+++ Exercise data +++
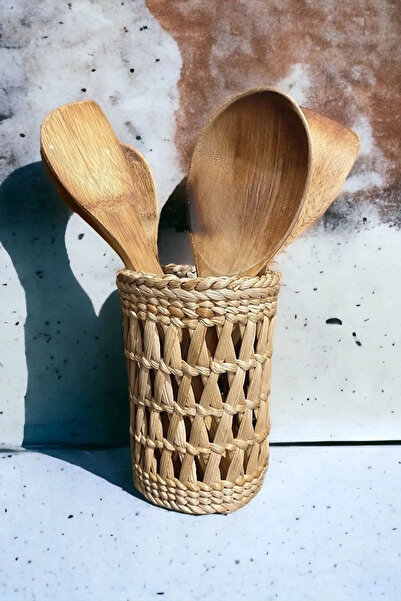 HAKİCİ Çok Amaçlı Dekoratif El Yapımı Doğal Hasır Sepet Kaşıklık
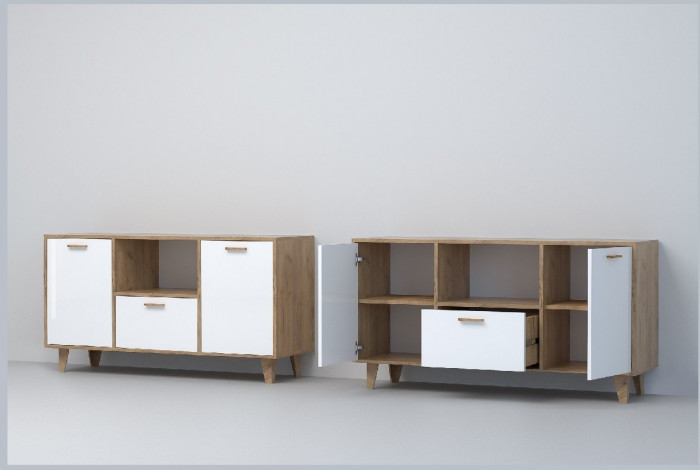 Эго Тумба Т-2 НГ (Глянец Белый/Дуб Крафт Золотой)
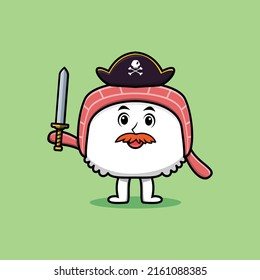 Cute cartoon mascot character sushi pirate with hat and holding sword in modern design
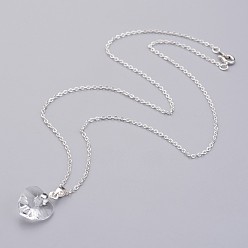 Прозрачный Стеклянные подвески ожерелья, с медными цепями, граненое сердце, серебряные, прозрачные, 17.7 дюйм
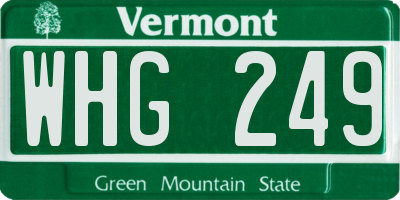 VT license plate WHG249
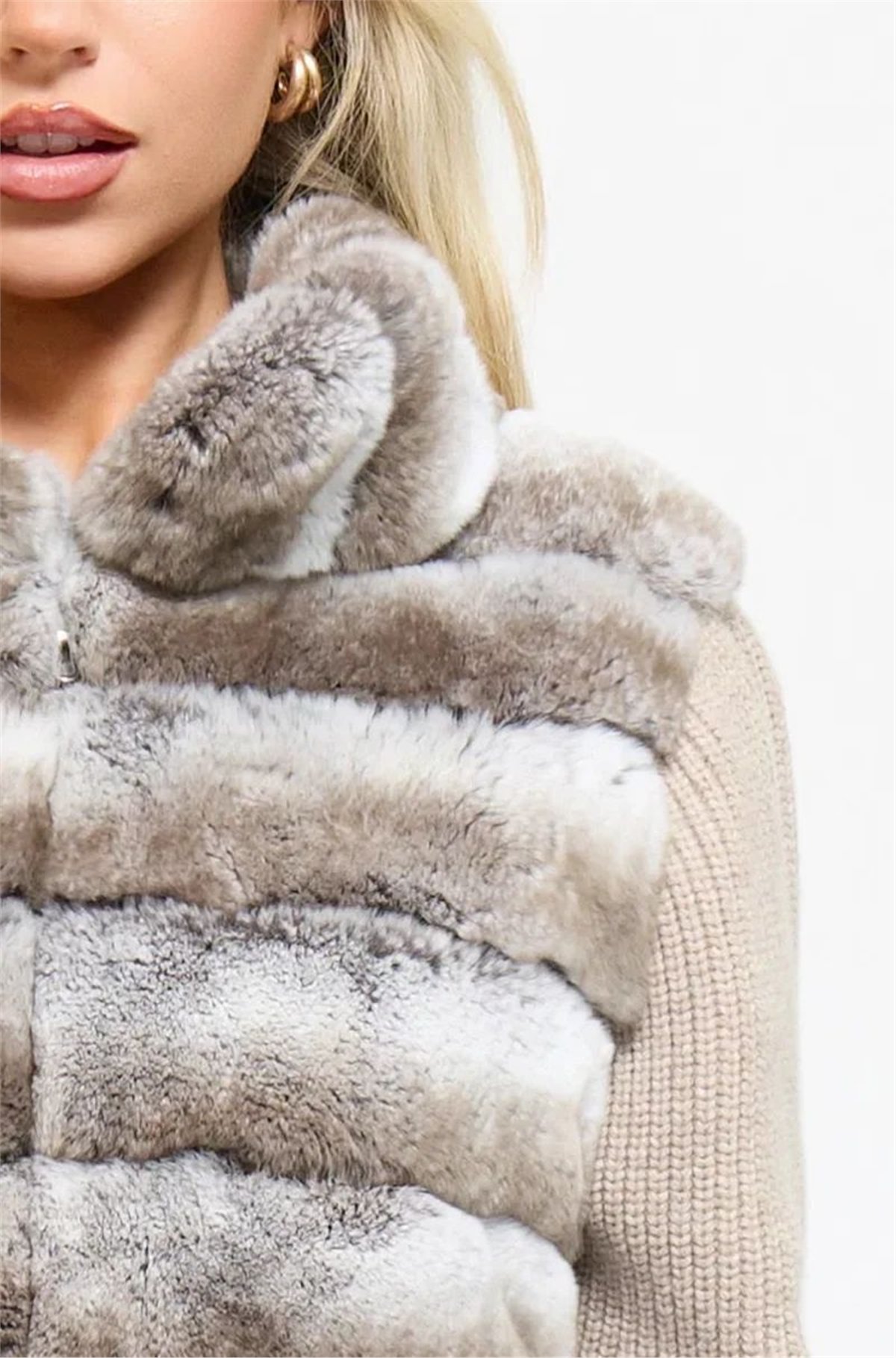 THE MOSCOW REX FUR PANEL JACKET - BEIGE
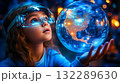A girl wearing VR glasses interacts with a holographic globe. Generative Ai. 132289630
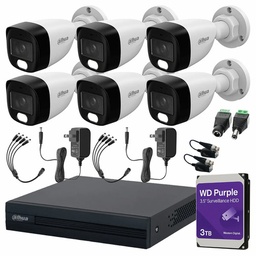 Kit Videovigilancia Cronos 6 cámaras Dahua bala HFW1239CN-A Con audio fullcolor 2MP + HDD 3TB WESTERN DIGITAL + Baluns + Accesorios - Kit CCTV FULLCOLORKIT-A-6SC3 (Dvr dahua XVR1B08-I circuito cerrado)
+++
Brief. In the copy, include exactly the lines from the one with "Прозрачный Стеклянные подвески" through the final line of the entries above, both ends counted, and no pictures.

Answer space.
 Прозрачный Стеклянные подвески ожерелья, с медными цепями, граненое сердце, серебряные, прозрачные, 17.7 дюйм
 VT license plate WHG249
 THE MOSCOW REX FUR PANEL JACKET - BEIGE
A girl wearing VR glasses interacts with a holographic globe. Generative Ai. 132289630
 Kit Videovigilancia Cronos 6 cámaras Dahua bala HFW1239CN-A Con audio fullcolor 2MP + HDD 3TB WESTERN DIGITAL + Baluns + Accesorios - Kit CCTV FULLCOLORKIT-A-6SC3 (Dvr dahua XVR1B08-I circuito cerrado)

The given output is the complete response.